Improve and (somewhat) standardise the annotations system?

Flattening the Mona Lisa example it to be more in line with the Storm Crawler-approach:

{
  "collections" : [
    {    
      "field_collection": "Wikipedia",
      "field_collections": [ "Wikipedia" ],
      "field_subject": [ "Crowdsourcing" ],

      "subdomains": "en.wikipedia.org"
    },
    {
      "field_collection": "Wikipedia",
      "field_collections": [ "Wikipedia", "Wikipedia|Main Site", "Wikipedia|Main Site|Mona Lisa" ],
      "field_subject": [ "Crowdsourcing" ],

      "resource": "http://en.wikipedia.org/wiki/Mona_Lisa",
      "dateRange": {
        "start": "1970-01-01T00:00:00.000+0000",
        "end": "9999-12-30T23:59:59.999+0000"
      }
    },
...

By stating the fields explicitly with the field_-prefix and making the filters (subdomains, resource, source_file_matches, dateRange) all be equal, the code should be simple.
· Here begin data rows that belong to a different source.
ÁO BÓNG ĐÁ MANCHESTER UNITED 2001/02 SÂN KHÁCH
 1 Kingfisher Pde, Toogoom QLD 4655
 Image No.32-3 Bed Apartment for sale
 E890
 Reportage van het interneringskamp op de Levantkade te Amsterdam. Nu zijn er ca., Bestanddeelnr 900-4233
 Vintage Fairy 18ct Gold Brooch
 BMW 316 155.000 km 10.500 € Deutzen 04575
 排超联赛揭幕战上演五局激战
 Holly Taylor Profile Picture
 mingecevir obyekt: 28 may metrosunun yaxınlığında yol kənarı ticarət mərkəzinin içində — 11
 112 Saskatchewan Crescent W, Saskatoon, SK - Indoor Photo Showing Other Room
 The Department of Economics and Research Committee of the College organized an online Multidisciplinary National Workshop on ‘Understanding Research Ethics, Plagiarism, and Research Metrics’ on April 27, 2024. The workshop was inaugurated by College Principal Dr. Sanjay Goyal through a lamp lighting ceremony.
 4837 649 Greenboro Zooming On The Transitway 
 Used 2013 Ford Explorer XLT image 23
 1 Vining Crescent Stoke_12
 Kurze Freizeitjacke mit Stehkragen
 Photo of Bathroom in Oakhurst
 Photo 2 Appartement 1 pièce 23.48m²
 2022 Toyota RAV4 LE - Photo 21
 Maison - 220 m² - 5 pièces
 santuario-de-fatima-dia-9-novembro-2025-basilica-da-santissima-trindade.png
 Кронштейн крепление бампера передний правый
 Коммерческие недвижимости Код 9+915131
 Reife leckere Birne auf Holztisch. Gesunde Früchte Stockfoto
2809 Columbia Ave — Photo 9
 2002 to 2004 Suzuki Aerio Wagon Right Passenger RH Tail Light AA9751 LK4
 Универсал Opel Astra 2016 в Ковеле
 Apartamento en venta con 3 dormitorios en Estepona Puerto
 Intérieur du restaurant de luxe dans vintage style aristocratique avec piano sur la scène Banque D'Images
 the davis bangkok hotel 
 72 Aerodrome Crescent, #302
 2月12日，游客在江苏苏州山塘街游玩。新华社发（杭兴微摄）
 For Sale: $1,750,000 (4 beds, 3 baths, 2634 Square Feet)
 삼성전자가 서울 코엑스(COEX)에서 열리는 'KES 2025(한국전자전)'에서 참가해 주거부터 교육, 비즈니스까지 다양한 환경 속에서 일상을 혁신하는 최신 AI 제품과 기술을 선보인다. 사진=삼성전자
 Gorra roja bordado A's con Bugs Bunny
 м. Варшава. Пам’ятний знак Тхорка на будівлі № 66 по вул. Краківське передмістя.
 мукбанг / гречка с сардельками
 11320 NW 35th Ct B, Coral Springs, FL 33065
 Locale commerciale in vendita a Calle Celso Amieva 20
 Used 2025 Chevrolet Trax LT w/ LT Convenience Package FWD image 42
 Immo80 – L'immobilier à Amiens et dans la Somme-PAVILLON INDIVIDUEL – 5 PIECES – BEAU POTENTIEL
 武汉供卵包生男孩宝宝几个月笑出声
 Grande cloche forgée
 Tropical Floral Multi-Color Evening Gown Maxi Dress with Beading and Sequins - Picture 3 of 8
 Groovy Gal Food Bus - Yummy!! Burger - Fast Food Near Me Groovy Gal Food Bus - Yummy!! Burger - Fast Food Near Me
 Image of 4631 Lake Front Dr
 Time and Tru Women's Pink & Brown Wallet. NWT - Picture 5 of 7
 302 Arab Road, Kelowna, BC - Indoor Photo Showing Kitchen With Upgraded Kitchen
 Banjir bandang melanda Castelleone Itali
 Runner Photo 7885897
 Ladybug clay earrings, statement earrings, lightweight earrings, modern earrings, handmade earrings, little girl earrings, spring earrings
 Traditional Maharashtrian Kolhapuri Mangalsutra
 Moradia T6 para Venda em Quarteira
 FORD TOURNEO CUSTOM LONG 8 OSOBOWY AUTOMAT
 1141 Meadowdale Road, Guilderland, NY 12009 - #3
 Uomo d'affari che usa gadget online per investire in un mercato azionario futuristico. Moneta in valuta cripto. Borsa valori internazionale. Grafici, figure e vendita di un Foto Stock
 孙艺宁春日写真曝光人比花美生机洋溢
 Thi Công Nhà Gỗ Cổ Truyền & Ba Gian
Extending with regexps it a bit tricky, if we want to be flexible. While URL-matching is probably the prime candidate, why not allow matching on any field (assuming the annotations gets applied after the usual extraction)? Maybe url_norm or url as default for brevity and an optional explicit one?

{
  "collections" : [
    {
      "field_collection": "MyMatcher",

      "includePatterns": [ ".*kittens.*" ],
      "customPatterns": [
        {
          "source_field": "content_type_norm",
          "pattern": "html"
        }
      ]
    },
...

Problem here is that there are implicit and between the outer filters and implicit or between the elements in the pattern-lists. That's confusing. It is also not obvious when arrays are used and when they are not.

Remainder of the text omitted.